The Flathead Valley’s Leading Independent Journal of Observation, Analysis, & Opinion. © James R. Conner.

 

2 April 2013

Who will pay for treating the Expanded Medicaid eligible
in Montana — Uncle Sam or Montana’s hospitals?

Here’s what happens if the legislature refuses to accept Medicaid expansion in Montana:

  1. As many as 70,000 Montanans with incomes in the 100–138 percent of the Federal Poverty Level band are left in the cold; or to be more precise, left in the emergency room.

  2. Montana forgoes almost $6 billion in federal dollars. Expanded Medicaid is 100 percent federally funded for the first three years, 90 percent federally funded thereafter.

  3. Montana’s hospitals, which cannot turn away patients with life threatening ailments (heart attacks, automobile accidents, for example) are stuck with the bill for treating the Expanded Medicaid eligible. And hospital bills for the ill who are not protected by an insurance plan with locked-in fees will rise as hospitals attempt to recover costs.

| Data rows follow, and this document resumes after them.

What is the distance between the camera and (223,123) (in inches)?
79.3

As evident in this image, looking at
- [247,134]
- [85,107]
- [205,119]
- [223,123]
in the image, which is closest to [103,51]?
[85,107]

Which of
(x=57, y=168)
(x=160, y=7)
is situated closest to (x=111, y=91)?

Only one group benefits from rejecting Expanded Medicaid — the right wing ideologues who oppose government funded health care on principle; and in many cases, not just government funded health care but also any kind of health insurance. They seek the satisfaction of having their ideology prevail, and seem unmoved by the harm caused by denying their fellow human beings access to affordable health care.

Approximately half of the legislators in each house of the Montana Legislature, Republicans all, belong to the anti-expansion caucus. Approximately a dozen GOP house members who sometimes join Democrats to defeat nutball measures such as HB-303, Rep. Krayton Kerns’ (R-Laurel) “sheriff’s bill,” hold the balance of power in that chamber. Slightly less than half that number of similarly moderate (moderate in a relative, not absolute, sense) Republicans hold the balance of power in the senate.

These swing vote GOP pragmatists have two options for expanding Medicaid:

  1. A straightforward implementation of Expanded Medicaid. SB-393. the Senate version of HB-458 (tabled in committee), carried by Sen. Christine Kaufmann (D-Helena), does this.

  2. Using the dollars for Expanded Medicaid to purchase on the Obamacare insurance exchanges private insurance policies for Expanded Medicaid eligible Montanans. This is possible, but not done easily. It’s an option that appeals to Republicans because it’s consistent with the (moderate) Republican belief that everyone should exercise “personal responsibility” by purchasing private health insurance.

I suspect brinksmanship and other games will hold expanding Medicaid in Montana hostage until late in the session. And it’s possible the impasse won’t be resolved even then, leaving the matter to be concluded in a special session this summer.

It’s to no one’s credit that this issue remains unresolved. Meanwhile, the legislature is busy fooling with raw milk, roadkill, arrows with lighted nocks, tying the right to vote to property ownership, and proposals for letting undertakers dispose of Dad’s remains by dissolving them in pressurized hot lye.